BBoards using Mail.app
A friend of mine working closely with Carnegie Mellon’s Computing Services let me in on what appears to be a rather well-kept secret about reading the bboards sanely using Apple’s Mail.app. I say sanely because Mail.app doesn’t actually have a problem reading bboards; with your IMAP prefix set to nothing at all, Mail.app will happily download all of the bboards you want. The problem is that it can’t seem to find out exactly which bboards you want so it downloads every single one. This kills just about everything on your computer while your network usage skyrockets, your disk space shrinks rapidly, Mail.app tries to apply all of your mail filters, and Spotlight tries to catalog each message.
The solution, as it turns out, is a hack put in by the software authors (who happen to work for Carnegie Mellon) just for Apple’s Mail.app. You put a “+” after your username and then get rid of the “INBOX” IMAP prefix. It might take a restart of Mail.app, but soon thereafter it should be getting a list of your subscribed bboards by default and displaying them nicely in the folder bar.
Julian‘s constructive criticism:
Jesus.
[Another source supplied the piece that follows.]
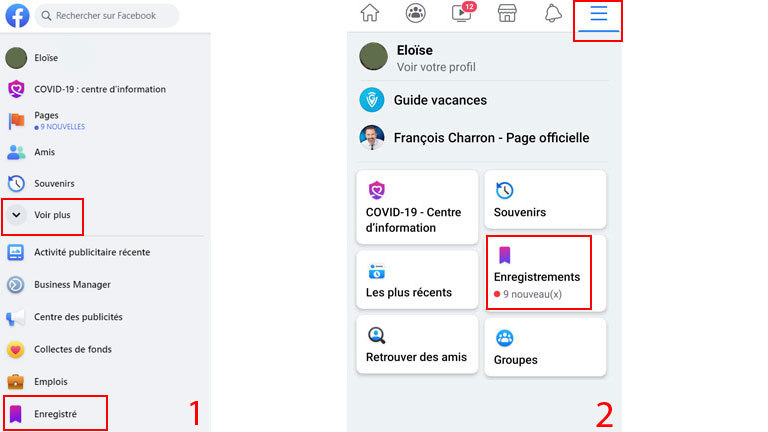 &eacute;tapes comment g&eacute;rer sauvegardes Facebook mobile web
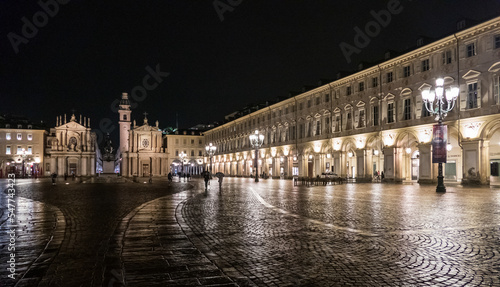 The beautiful San Carlo Square illuminated at night © Alessio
Why couldn’t they just make it default to doing that??
May 7th, 2006 at 11:17 pm
if i still had any reason to read andrew bboards, this would rock
May 8th, 2006 at 12:05 am
The “Jesus” being because I’ve basically spent four years trying to find a solution
May 11th, 2006 at 12:44 am
shit i’ve been wondering how to do this so long! you actually have a usefull blog eli! glad i read it too bad i’m graduating
May 12th, 2006 at 7:59 pm
Eli-
So when you send a message after configuring this, where does Mail put the sent message if you’ve checked “Store sent messages on server.”
Thx.
Carl
May 12th, 2006 at 8:30 pm
Carl said:
Mail.app will put all of the messages you send to the server into the same folder because it has no idea that the server will handle “post+cmu.misc.market@andrew.cmu.edu” differently that it’ll treat “egwynn@andrew.cmu.edu”. To Mail.app, the process goes like this:
1. Write a message
2. Send it to the server to be delivered
3. Store it on the server in the-place-where-the-user’s-sent-stuff-gets-stored
So on my Mail.app, I set the “Sent Mail” folder on IMAP to be the folder used for sent mail by Mail.app. All mail that gets sent from my andrew ID through Mail.app gets stored there.
May 13th, 2006 at 10:27 am
ah, great…
i see…i hadn’t yet set my sent mail folder in Mail.app using the “Use This Mailbox For…” command. all good now, though. thanks for the tip.
May 15th, 2006 at 1:44 am
dude, same response – would’ve been great if I weren’t graduating. They should put it up somewhere on the myandrew page!
June 13th, 2006 at 2:53 pm
FYI, this hack is also useful for other mis-behaved IMAP clients, such as Sylpheed.